▶

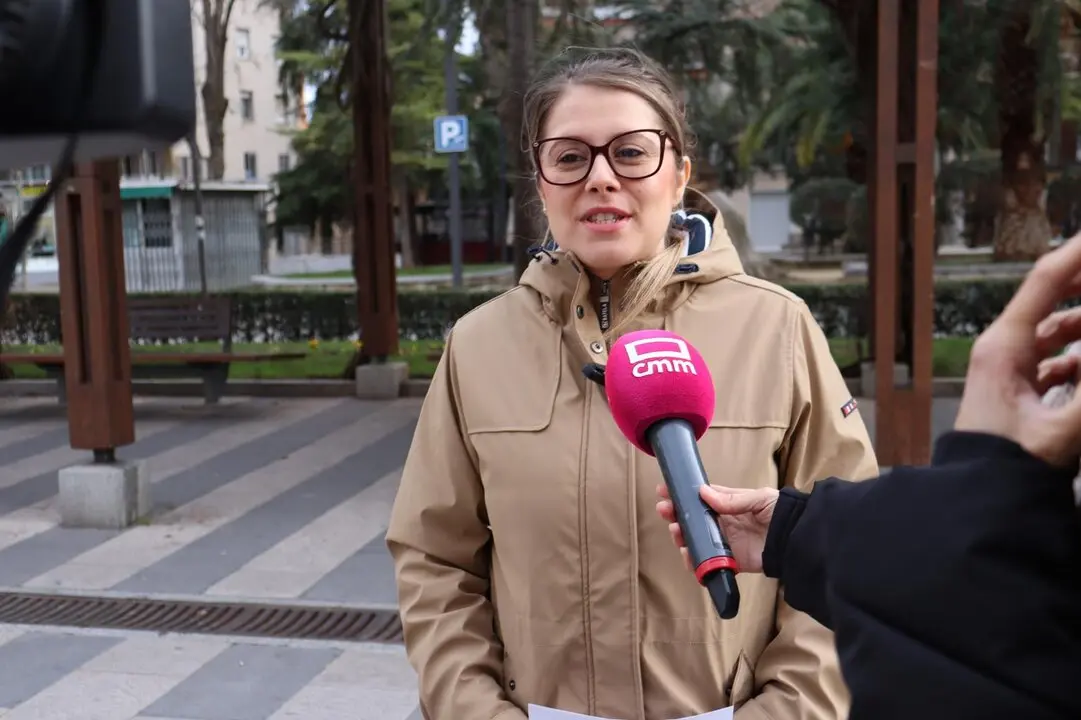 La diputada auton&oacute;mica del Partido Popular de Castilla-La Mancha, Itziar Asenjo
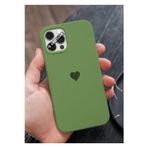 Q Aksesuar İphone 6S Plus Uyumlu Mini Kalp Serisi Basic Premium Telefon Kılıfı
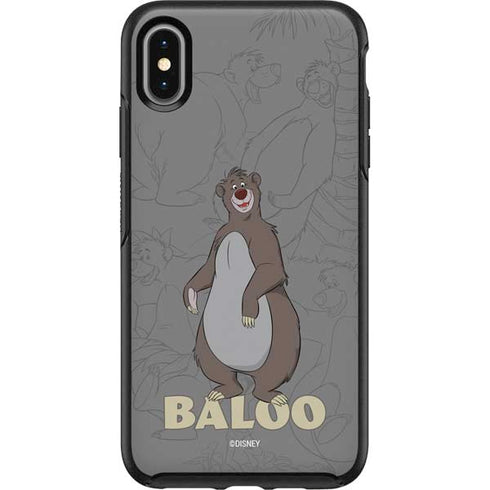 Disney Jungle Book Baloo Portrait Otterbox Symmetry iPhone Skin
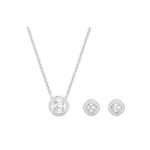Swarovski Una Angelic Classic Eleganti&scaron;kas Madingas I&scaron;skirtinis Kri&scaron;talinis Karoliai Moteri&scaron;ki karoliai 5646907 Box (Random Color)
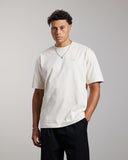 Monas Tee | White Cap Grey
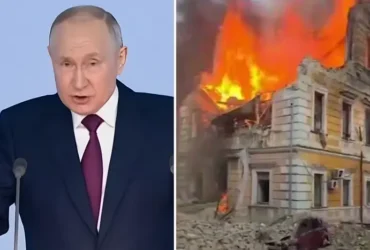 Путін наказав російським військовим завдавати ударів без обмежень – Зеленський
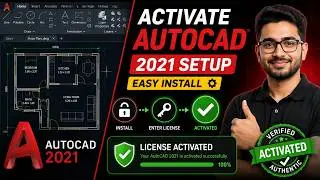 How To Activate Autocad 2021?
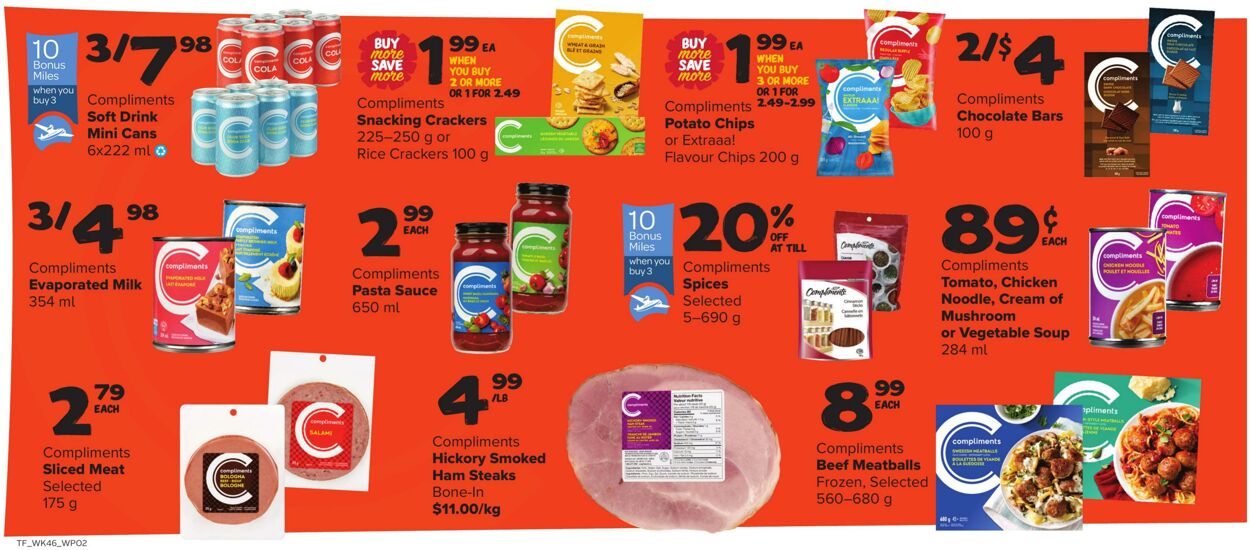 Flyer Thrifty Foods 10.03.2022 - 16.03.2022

◀

## YOUR TASK:
Please reproduce, word for word, only the lines from the line that holds "Путін наказав російським" through the final line of the entries above, omitting any pictures.

## RESPONSE AREA:
 Путін наказав російським військовим завдавати ударів без обмежень – Зеленський
 How To Activate Autocad 2021?
 Flyer Thrifty Foods 10.03.2022 - 16.03.2022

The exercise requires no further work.